Out here in the country, mailboxes are all on one side of the road. Ours is on the other side, so I always pull into the driveway and stroll across the street to pick up our daily supply of junk and bills. The neighbors don't mind; it's the way things work out here.
Their geese, on the other hand, consider it an outrage.
These are them. I call them "The Girls," and since their appearance a few weeks ago, checking the mail is a daily event. The game goes like this:
Nearing the driveway, I slow down and turn off the radio. All the better to sneak up on 'em, you see. I park and open the car door. By now, they have spotted me and are heading my way from wherever it is geese lurk between victims. They stop. I look at them. They look at me.

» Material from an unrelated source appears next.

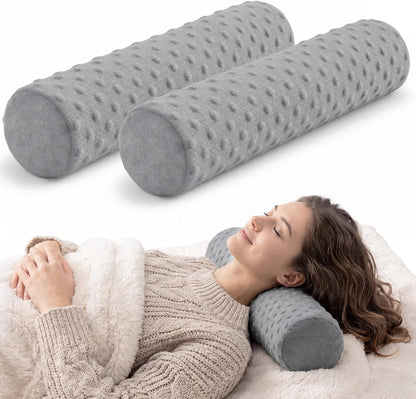 2 Pcs Cylindrical Cervical Neck Pillow for Pain Relief, Memory Foam 18" x 4" Round Pillow with Removable Washable Cover, Cylinder Bolster for Cervical Support, Sleeping, Travel, Home, Office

Slowwwwly, I set my foot on the gravel. At the first crunch they raise the alarm, honking as if the hounds of hell had invaded their turf.
I start moving toward the box, my pace nonchalant, matching theirs. If all goes well, I get to the box first, grab the mail, and beat a hasty retreat before they reach me. However, if one of us starts to run there's a full-on, wing-flapping, shrieking-honking race for the goal.
It is important at such moments to consider the probable value of the prize. Because there's a pretty good chance somebody is about to get whacked and bitten for it. And that would most likely be me.
I'm pretty quick for an old broad, and I have yet to leave empty handed. But if The Girls ever look like they're gaining on me, I will ditch and run without a backward glance.
Their territory apparently ends at the blacktop, because once I've gained the street they settle into a cranky border-patrol mode, still grumbling and eyeing me closely, but never following me back to the car.
A saner woman would probably just turn around in the driveway, back up to the box, and reach into it from inside the car. But hey. Where's the fun in that?